> [The records]:
────────────────────

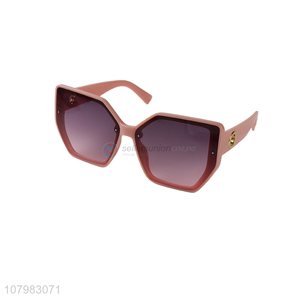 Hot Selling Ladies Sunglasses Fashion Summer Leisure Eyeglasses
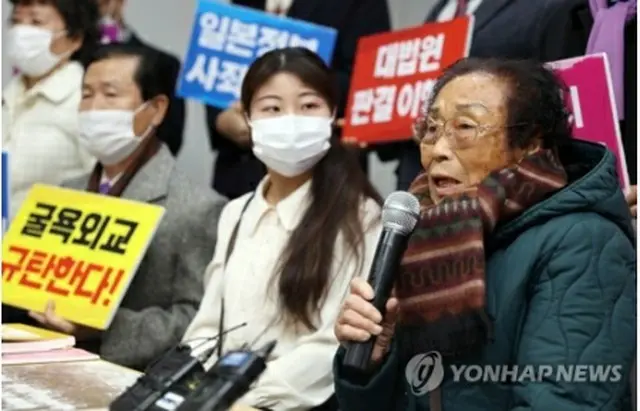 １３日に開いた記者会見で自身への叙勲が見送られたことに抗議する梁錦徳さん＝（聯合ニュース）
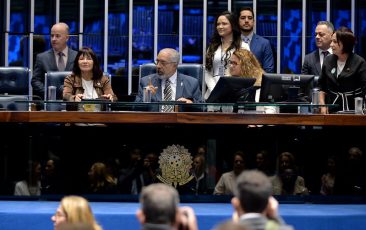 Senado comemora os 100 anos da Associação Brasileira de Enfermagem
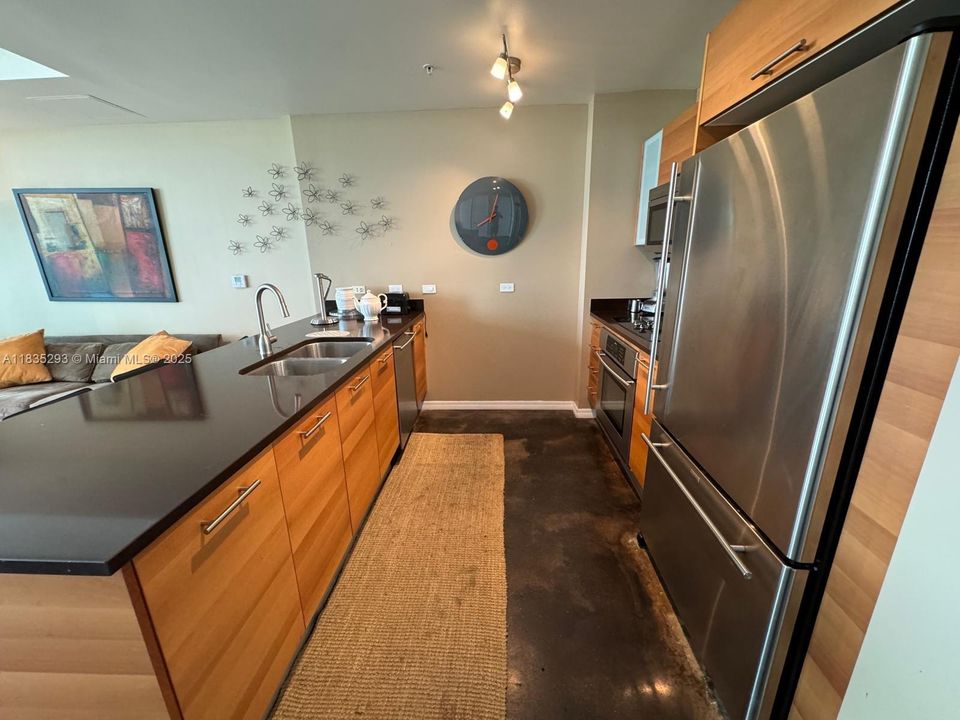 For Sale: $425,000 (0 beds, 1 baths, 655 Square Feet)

────────────────────

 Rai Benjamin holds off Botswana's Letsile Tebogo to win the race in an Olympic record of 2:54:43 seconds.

────────────────────

> [Try it]:
Retype only the lines above from the one with "Senado comemora os" through the one with "For Sale: $425,000", exactly and with both ends. Images stay out.

> [Answer for the task]:
 Senado comemora os 100 anos da Associação Brasileira de Enfermagem
 For Sale: $425,000 (0 beds, 1 baths, 655 Square Feet)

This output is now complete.